The Markit/CIPS headline manufacturing Purchasing Managers' Index (PMI) rose to 58.0 in November, its highest since September 1994, and well above October's upwardly revised figure of 55.4. Economists had forecast a modest easing to 54.6.
The index has been above the 50.0 mark, which separates growth from contraction, for 16 months in row.
The survey is likely to come as welcome news to the government which is relying on the private sector to help sustain Britain's economic recovery at a time of deep public spending cuts.
"Stronger manufacturing expansion may well be needed to offset a likely slowdown in consumer spending as austerity measures start to bite," said Rob Dobson, senior economist at Markit.
With public sector cuts and a VAT rise expected to erode demand in 2011, most economists expect economic growth to weaken into 2011 after a strong performance in the middle of this year.
While the PMI figures suggest the manufacturing sector - which accounts for around 13 percent of economic output - is holding up well, economists have warned that upbeat activity surveys have not been reflected in official data.
Today's data is therefore unlikely to alter the view that the Bank of England will leave interest rates on hold for many months to come until the recovery is assured.
The survey showed manufacturers took on staff at their fastest rate since the survey began in 1992, with an index reading of 57.6 compared with 55.4 in October. Markit said the pick-up was broad-based.

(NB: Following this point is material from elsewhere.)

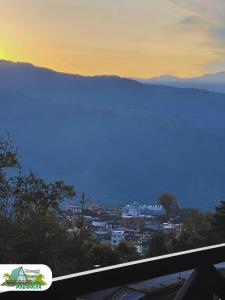 a view of a city and a body of water at Chalet Maranatha Vista Única Represa de Chivor in Macanal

The government's debt-cutting plans are expected to result in the loss of around 330,000 public sector jobs, less than previously thought.
Higher domestic and overseas demand helped push the manufacturing output index to its highest level since May, while backlogs of work increased for the first time in five months.
New orders rose at their fastest pace since April, while export orders grew at their fastest in seven months, with companies reporting increased sales to the United States, China, Germany, India and the Middle East.
However, rising prices for commodities, electronics, oils and packaging contributed to a big jump in cost pressures. The input prices index rose to its highest since August 2008. But firms did not appear to be passing on those costs to customers and the output prices index fell to an eight-month low.
That may give Bank of England policymakers some leeway, as they try to balance high inflation while keeping the recovery on track.
The central bank has held interest rates at a record low of 0.5 per cent since March 2009 and has injected £200 billion into the economy to boost growth.